# What you need to do
Without the pictures, write the listing below out again, line for line.

# Given information

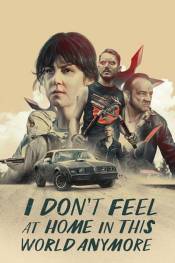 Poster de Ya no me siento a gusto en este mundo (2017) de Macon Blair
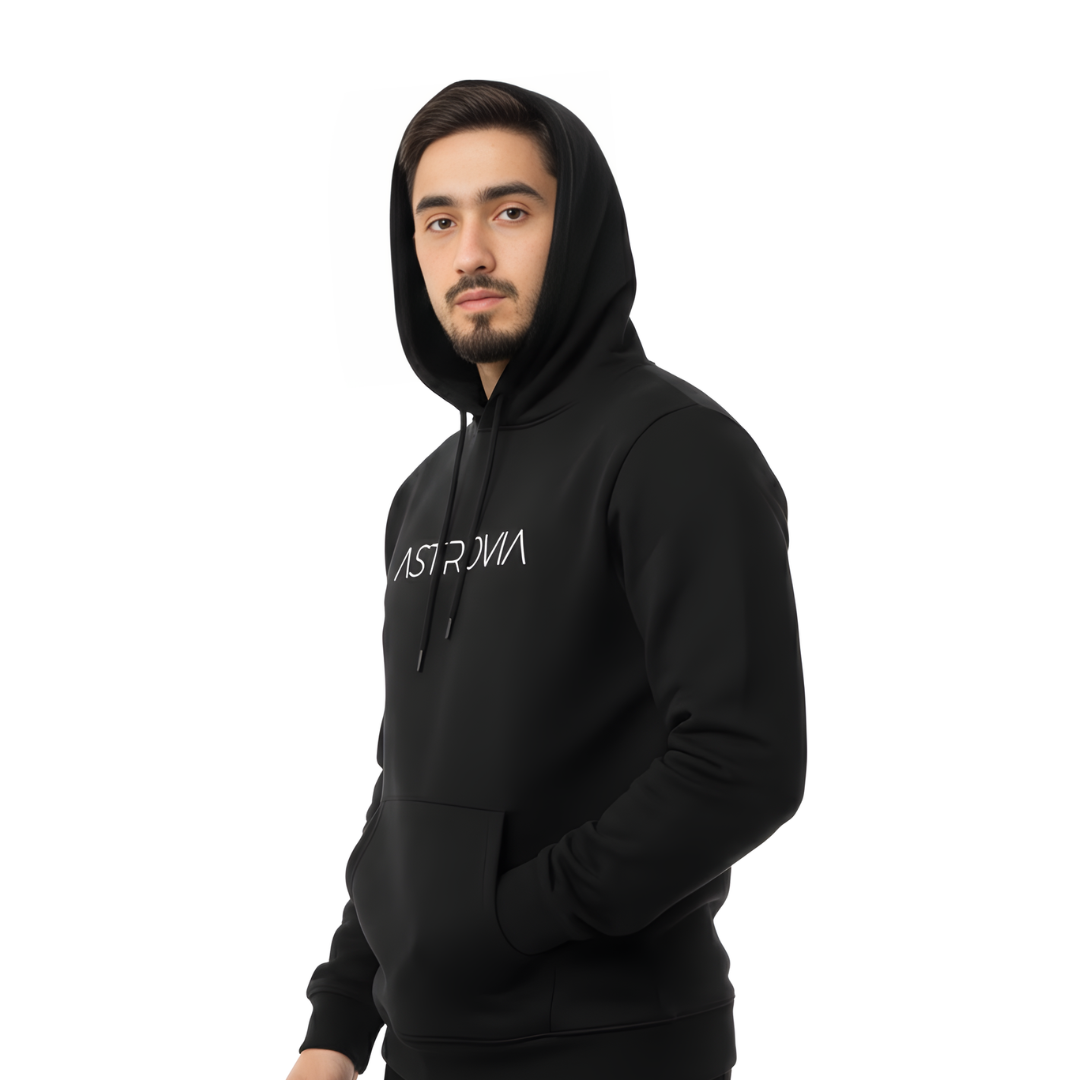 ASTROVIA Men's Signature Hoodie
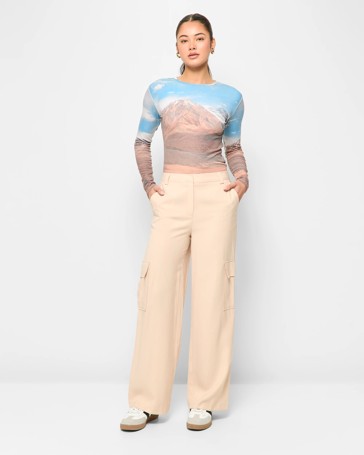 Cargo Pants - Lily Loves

# Result of the task
 Poster de Ya no me siento a gusto en este mundo (2017) de Macon Blair
 ASTROVIA Men's Signature Hoodie
 Cargo Pants - Lily Loves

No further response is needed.